Let us first define the Euler polynomials to be the polynomials $P_n(q)$ that satisfy $$ \frac{qP_n(q)}{(1 - q)^{n+1}} = \Big(q\frac{d}{dq}\Big)^n\frac{q}{1 - q}. $$
For example, $P_0(q) = P_1(q) = 1$, and $P_2(q) = 1 + q$. One should note that these polynomials are always palindromic, and of degree $n - 1$, and satisfy a pretty easy-to-determine recursion from the above definition.
Next, let us consider the following expression. $$ T_n(q, x) = (1 - q)^{2n + 2} - x^2 q P_{2n+1}(q) $$ For $n = 0$, this is simply $$ (1 - q)^2 - x^2q = 1 - (x^2 + 2)q + q^2. $$ We note that this polynomial is also palindromic (as $(1 - q)^{2n + 2}$ is), and so we can factor it as $$ T_n(q, x) = \prod_{j=0}^n(1 - \zeta_j q)(1 - \zeta_j^{-1} q) $$ for some expressions $\zeta_j$.
The goal is now to write $x$ as a function of these $\zeta_j$. For example, if $n = 0$, then we have $$ 1 - (x^2 + 2)q + q^2 = (1 - \zeta q)(1 - \zeta^{-1} q) $$ or $$ x^2 = \zeta + \zeta^{-1} - 2 \iff x = \zeta^{1/2} - \zeta^{-1/2} $$ which is a nice and simple expression.
For higher $n$, let us define $\mu_j = \zeta_j^{1/2} - \zeta_j^{-1/2}$, and so $\mu_j^2 = \zeta_j + \zeta_j^{-1} - 2$. Then, for example, for $n = 1$ we have that $$ \begin{align} x^2 &= \mu_1^2 + \mu_2^2 \\ -6x^2 &= \mu_1^2\mu_2^2 \end{align} $$ and in general what we find is that for each $n$, that we have a series of expressions $$ c_{n, k} x^2 = \sigma_k(\mu_1^2, \ldots, \mu_n^2) $$ where $c_{n, k}$ are some integral coefficients (related to A036969) and $\sigma_k$ is the $k$-the elementary symmetric polynomial.

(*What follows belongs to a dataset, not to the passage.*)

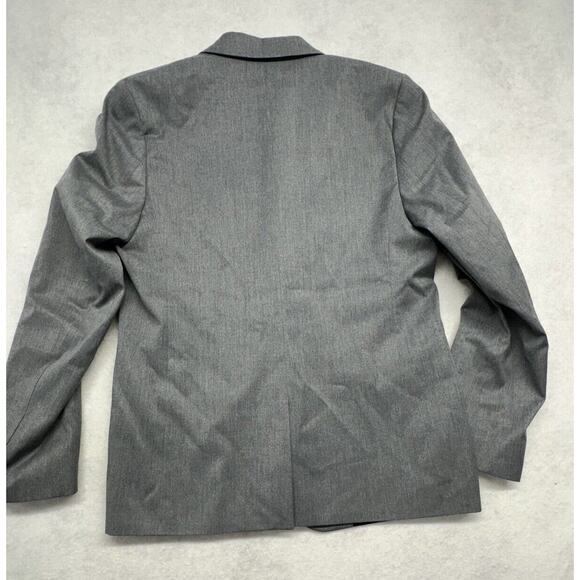 Nordstrom Boys Suit Blazer Size 14 Light Grey Suit‎ Jacket Wedding Formal Youth - Picture 9 of 9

These expressions should allow us to derive relations among the $\zeta_j$s, but it doesn't seem clear to me how these should look; in particular, for $n = 1$ the best that I can find is that $$ x = \frac{\mu_1^2}{\sqrt{6 + \mu_1^2}} = \frac{\zeta_1 + \zeta_1^{-1} - 2}{\sqrt{4 + \zeta_1 + \zeta_1^{-1}}} $$ which isn't really as nice as the expression $x = \zeta^{1/2} - \zeta^{-1/2}$.

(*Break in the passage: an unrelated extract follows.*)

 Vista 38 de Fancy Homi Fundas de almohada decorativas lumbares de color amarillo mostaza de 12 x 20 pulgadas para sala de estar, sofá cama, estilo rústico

As for motivation (e.g. why $x^2$?), what I'm working with is an expression of the form $$ \sum_n A_n(q)x^{2n} = \prod_m T_k(q^m,x) $$ and the right-side of this expression is manifestly (quasi-)modular; what I'd like to understand is what that means for the left-hand side.